### Problem
In the data below, locate the line containing "Vente en gros" and the line containing "Speeltuintje aan zee bij Sassnitz", then retype both and everything between them exactly. Pictures are not part of the copy.
##### Data #####
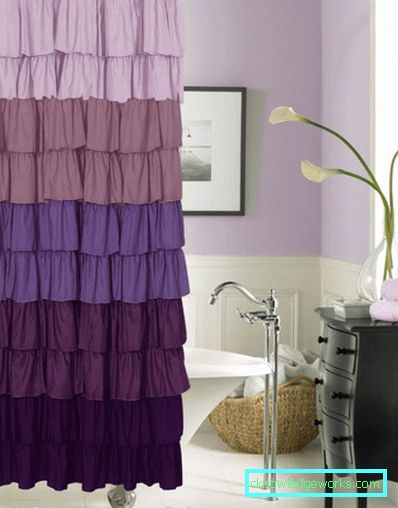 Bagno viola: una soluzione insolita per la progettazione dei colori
#####
##### Data #####
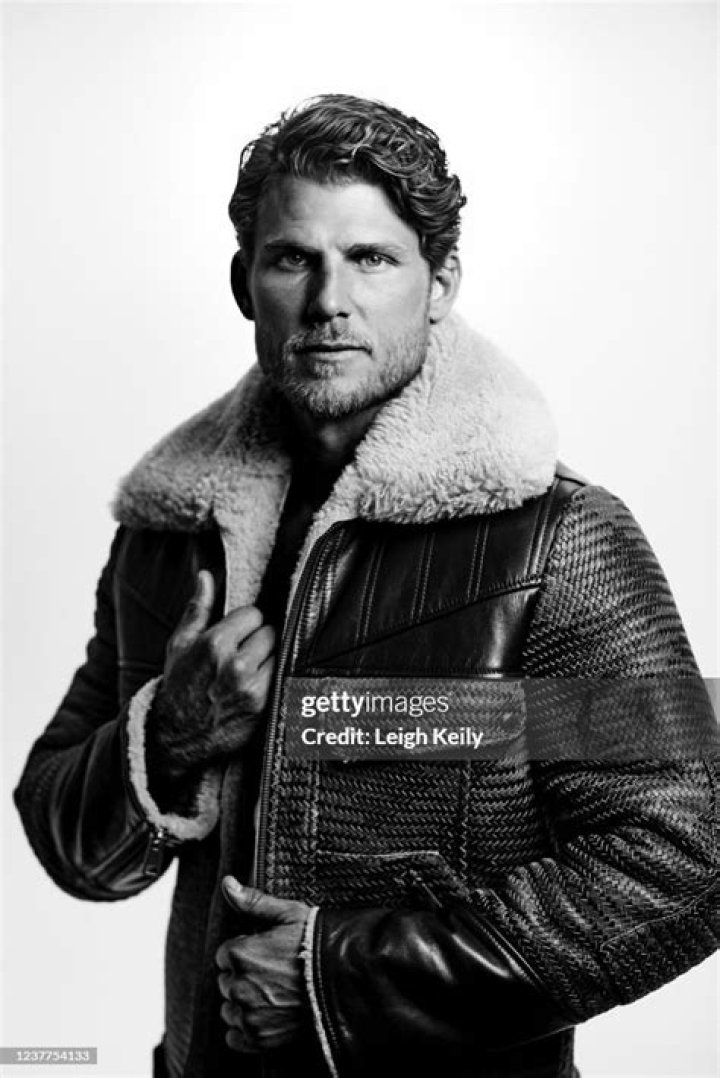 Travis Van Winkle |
#####
##### Data #####
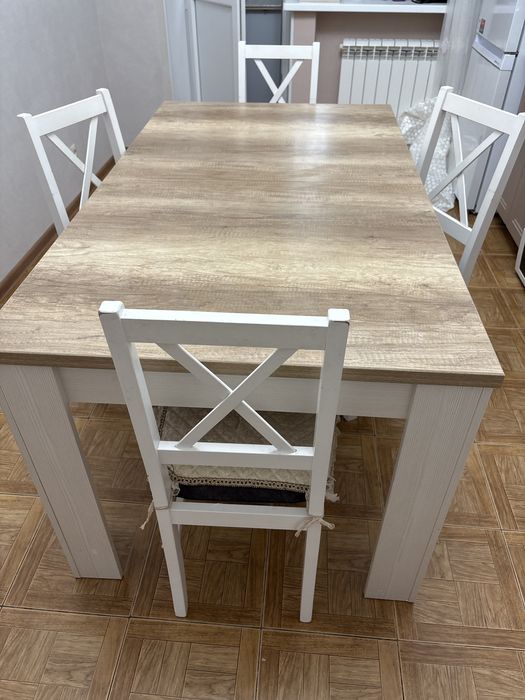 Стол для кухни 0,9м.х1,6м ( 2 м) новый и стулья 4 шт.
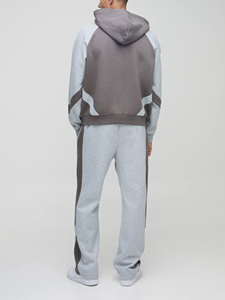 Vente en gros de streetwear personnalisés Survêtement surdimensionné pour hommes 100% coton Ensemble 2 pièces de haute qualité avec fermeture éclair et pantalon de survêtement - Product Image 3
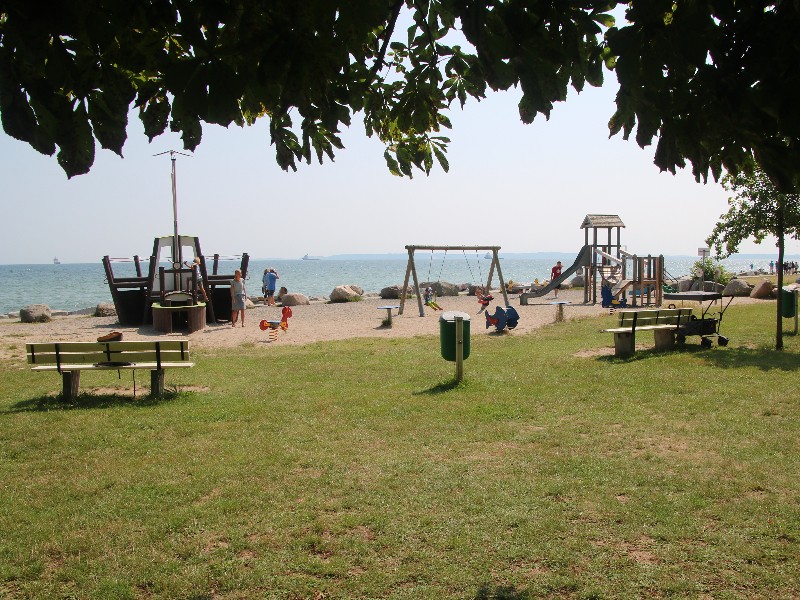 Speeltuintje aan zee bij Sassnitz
#####
### Response area
 Vente en gros de streetwear personnalisés Survêtement surdimensionné pour hommes 100% coton Ensemble 2 pièces de haute qualité avec fermeture éclair et pantalon de survêtement - Product Image 3
 Speeltuintje aan zee bij Sassnitz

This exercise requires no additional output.